EXTRACTED ENTRIES —

______

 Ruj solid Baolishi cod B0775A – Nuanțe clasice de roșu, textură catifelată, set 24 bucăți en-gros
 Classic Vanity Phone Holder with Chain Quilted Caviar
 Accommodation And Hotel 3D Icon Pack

______

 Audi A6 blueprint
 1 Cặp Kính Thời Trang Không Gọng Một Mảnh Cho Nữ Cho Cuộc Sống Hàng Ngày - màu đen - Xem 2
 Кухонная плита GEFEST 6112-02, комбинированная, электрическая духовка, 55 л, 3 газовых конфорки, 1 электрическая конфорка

______

ACTIVITY —
Among the entries above, the line containing "1 Cặp Kính Thời", the line containing "Кухонная плита GEFEST", and all lines between them are to be restated word for word; nothing else belongs in the reply.

RESPONSE TO THE TASK —
 1 Cặp Kính Thời Trang Không Gọng Một Mảnh Cho Nữ Cho Cuộc Sống Hàng Ngày - màu đen - Xem 2
 Кухонная плита GEFEST 6112-02, комбинированная, электрическая духовка, 55 л, 3 газовых конфорки, 1 электрическая конфорка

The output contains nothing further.